TASK STATEMENT:
Filter the records for lines holding the string "Toyota".

EXERCISE MATERIALS:
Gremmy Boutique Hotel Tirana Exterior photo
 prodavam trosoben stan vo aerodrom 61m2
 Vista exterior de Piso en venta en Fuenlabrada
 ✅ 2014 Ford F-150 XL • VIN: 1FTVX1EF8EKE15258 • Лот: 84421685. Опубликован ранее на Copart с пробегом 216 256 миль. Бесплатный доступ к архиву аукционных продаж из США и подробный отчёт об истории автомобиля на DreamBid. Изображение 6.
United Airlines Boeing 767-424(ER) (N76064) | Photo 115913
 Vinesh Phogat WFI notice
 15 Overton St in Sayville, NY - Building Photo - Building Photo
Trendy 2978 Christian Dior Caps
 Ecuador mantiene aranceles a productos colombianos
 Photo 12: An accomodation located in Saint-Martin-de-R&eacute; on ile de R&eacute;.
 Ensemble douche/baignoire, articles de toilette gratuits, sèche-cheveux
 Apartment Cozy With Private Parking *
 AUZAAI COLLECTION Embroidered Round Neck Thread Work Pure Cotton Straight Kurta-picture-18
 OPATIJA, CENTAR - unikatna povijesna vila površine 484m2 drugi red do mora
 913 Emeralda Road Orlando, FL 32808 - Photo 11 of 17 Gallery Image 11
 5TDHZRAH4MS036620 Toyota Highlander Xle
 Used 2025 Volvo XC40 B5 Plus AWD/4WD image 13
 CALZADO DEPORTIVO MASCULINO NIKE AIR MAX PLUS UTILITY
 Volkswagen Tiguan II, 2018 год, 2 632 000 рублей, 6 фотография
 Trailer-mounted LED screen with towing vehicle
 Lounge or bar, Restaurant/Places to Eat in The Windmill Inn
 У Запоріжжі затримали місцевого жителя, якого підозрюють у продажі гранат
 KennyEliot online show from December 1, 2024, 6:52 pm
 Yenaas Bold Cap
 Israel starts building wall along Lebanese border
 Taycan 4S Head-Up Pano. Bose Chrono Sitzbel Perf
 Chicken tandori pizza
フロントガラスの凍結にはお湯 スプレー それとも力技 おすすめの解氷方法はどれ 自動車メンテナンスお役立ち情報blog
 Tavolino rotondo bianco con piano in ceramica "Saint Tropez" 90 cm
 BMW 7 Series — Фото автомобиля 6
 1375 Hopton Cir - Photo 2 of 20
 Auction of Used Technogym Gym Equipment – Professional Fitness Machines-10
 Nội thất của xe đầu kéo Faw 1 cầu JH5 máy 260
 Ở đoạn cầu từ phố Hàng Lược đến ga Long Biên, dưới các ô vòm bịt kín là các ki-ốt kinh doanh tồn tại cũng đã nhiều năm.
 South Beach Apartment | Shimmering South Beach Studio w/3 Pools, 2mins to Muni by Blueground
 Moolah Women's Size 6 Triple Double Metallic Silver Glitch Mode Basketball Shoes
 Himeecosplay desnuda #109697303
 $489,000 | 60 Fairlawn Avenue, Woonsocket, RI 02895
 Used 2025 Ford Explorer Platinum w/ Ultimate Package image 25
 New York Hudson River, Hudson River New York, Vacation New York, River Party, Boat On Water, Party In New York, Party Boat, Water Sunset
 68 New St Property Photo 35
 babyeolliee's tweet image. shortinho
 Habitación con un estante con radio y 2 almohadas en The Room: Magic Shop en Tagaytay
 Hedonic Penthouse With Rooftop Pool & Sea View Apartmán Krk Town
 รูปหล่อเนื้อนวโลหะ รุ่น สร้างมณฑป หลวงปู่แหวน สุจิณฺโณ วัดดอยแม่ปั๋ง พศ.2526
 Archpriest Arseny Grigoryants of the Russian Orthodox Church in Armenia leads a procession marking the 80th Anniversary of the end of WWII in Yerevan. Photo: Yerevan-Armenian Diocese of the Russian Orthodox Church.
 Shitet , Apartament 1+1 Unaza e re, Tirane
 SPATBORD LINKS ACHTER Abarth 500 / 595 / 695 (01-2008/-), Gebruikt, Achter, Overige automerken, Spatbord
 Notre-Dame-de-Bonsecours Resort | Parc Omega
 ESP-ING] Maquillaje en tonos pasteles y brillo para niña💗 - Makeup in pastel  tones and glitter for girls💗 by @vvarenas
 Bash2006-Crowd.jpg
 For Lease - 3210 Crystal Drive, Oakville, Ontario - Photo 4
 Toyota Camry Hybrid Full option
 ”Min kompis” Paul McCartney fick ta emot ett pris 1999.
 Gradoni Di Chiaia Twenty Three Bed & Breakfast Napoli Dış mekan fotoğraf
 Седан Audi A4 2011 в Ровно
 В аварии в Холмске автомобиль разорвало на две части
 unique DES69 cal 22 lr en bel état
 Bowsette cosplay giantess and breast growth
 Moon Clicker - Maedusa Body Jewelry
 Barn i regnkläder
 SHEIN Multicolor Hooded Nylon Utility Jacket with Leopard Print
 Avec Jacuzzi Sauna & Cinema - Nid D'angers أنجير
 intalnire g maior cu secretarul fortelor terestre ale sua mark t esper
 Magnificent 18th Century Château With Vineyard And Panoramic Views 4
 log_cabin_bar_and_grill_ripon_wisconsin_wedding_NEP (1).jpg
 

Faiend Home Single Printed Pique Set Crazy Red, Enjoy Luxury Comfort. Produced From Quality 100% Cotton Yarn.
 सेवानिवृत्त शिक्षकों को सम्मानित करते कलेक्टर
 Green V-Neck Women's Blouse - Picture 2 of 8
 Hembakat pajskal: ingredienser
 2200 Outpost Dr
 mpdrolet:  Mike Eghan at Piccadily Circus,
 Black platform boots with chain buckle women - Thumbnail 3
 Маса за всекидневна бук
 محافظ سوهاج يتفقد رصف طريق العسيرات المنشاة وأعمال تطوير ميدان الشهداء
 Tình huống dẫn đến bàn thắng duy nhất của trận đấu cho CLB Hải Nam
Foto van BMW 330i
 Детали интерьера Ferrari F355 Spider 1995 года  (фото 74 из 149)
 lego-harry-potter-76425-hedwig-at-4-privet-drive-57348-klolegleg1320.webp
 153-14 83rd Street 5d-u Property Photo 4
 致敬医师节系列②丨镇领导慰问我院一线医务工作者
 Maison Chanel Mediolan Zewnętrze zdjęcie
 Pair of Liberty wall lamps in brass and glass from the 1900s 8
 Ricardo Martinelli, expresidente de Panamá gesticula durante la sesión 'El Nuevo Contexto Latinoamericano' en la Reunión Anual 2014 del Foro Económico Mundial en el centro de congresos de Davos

EXERCISE RESPONSE:
 5TDHZRAH4MS036620 Toyota Highlander Xle
 Toyota Camry Hybrid Full option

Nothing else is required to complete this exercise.